Let's reset the index, and use some multi-level indexing instead, and promote the user name to a second level of the index to deal with that issue. Now that we have the data indexed and sorted appropriately, we can fill the missing datas using ffill. It's good to remember when dealing with missing values that **you can deal with individual columns or sets of columns** by projecting them just as we spoke about earlier. So you don't have to fix all missing values in one command. It's sometimes useful to use forward filling, sometimes backwards filling, and sometimes useful to just use a single number. 
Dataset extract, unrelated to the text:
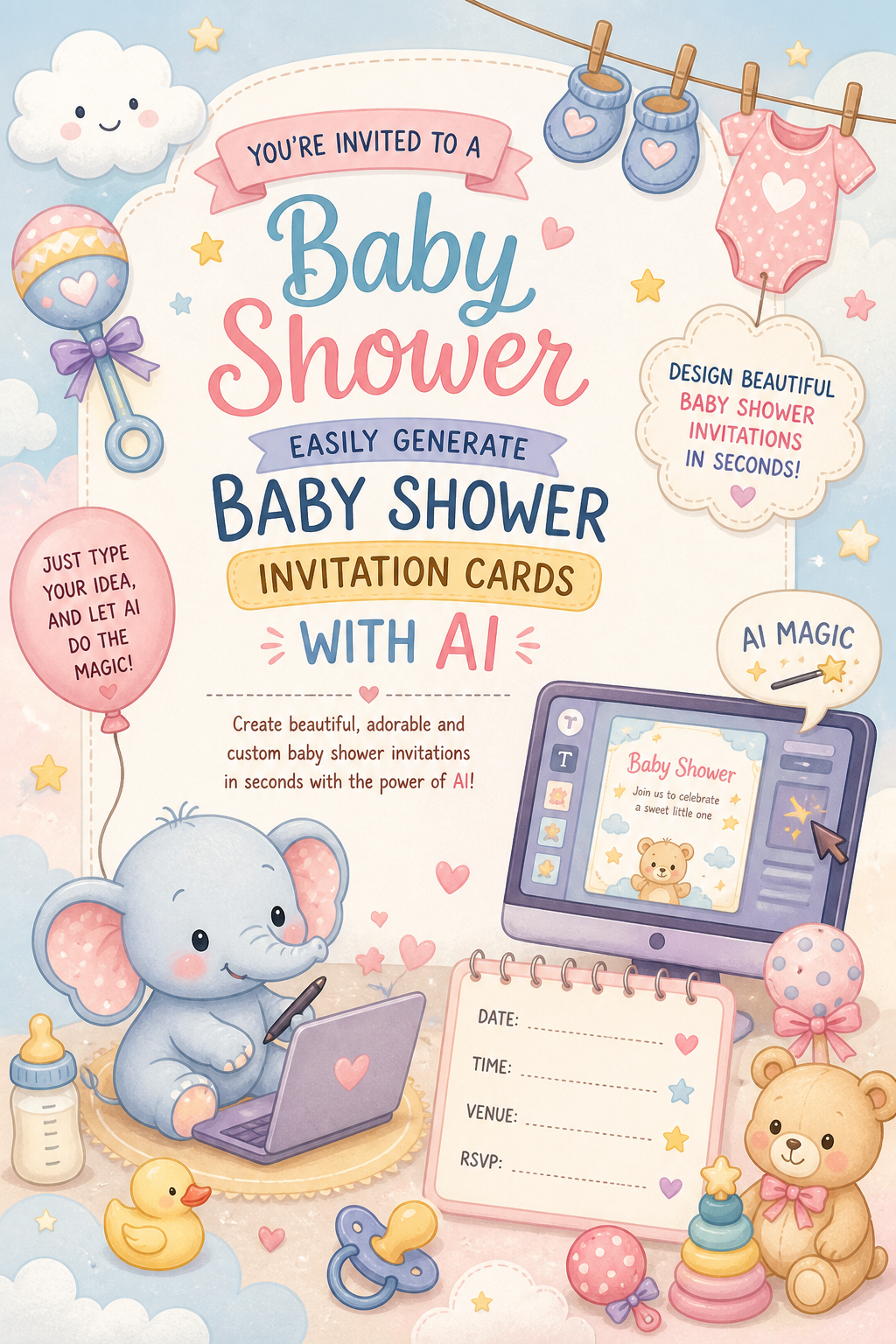 Easily Generate Baby Shower Invitation Cards with AI — illustration style invitation card, featuring soft pastels, baby motifs (booties, rattles, pacifiers), gentle clouds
More recently, the Pandas team introduced a method of filling missing values with a series which is the same length as your DataFrame. This makes it easy to derive values which are missing if you have the underlying to do so. For instance, if you're dealing with receipts and you have a column for final price and a column for discount but are missing information from the original price column, you can fill this automatically using fillna. 

In [15]:
df = df.reset_index()
df = df.set_index(['time', 'user'])
df

Unnamed: 0_level_0,Unnamed: 1_level_0,video,playback position,paused,volume
time,user,Unnamed: 2_level_1,Unnamed: 3_level_1,Unnamed: 4_level_1,Unnamed: 5_level_1
1469974424,cheryl,intro.html,5,False,10.0
1469974424,sue,advanced.html,23,False,10.0
1469974454,cheryl,intro.html,6,,
1469974454,sue,advanced.html,24,,
1469974484,cheryl,intro.html,7,,
1469974514,cheryl,intro.html,8,,
1469974524,sue,advanced.html,25,,
1469974544,cheryl,intro.html,9,,
1469974554,sue,advanced.html,26,,
1469974574,cheryl,intro.html,10,,


In [16]:
df = df.fillna(method='ffill')
df.head()

Unnamed: 0_level_0,Unnamed: 1_level_0,video,playback position,paused,volume
time,user,Unnamed: 2_level_1,Unnamed: 3_level_1,Unnamed: 4_level_1,Unnamed: 5_level_1
1469974424,cheryl,intro.html,5,False,10.0
1469974424,sue,advanced.html,23,False,10.0
1469974454,cheryl,intro.html,6,False,10.0
1469974454,sue,advanced.html,24,False,10.0
1469974484,cheryl,intro.html,7,False,10.0


> One last note on missing values. When you use statistical functions on DataFrames, **these functions typically ignore missing values**. For instance if you try and calculate the mean value of a DataFrame, the underlying NumPy function will ignore missing values. This is usually what you want but you should be aware that values are being excluded.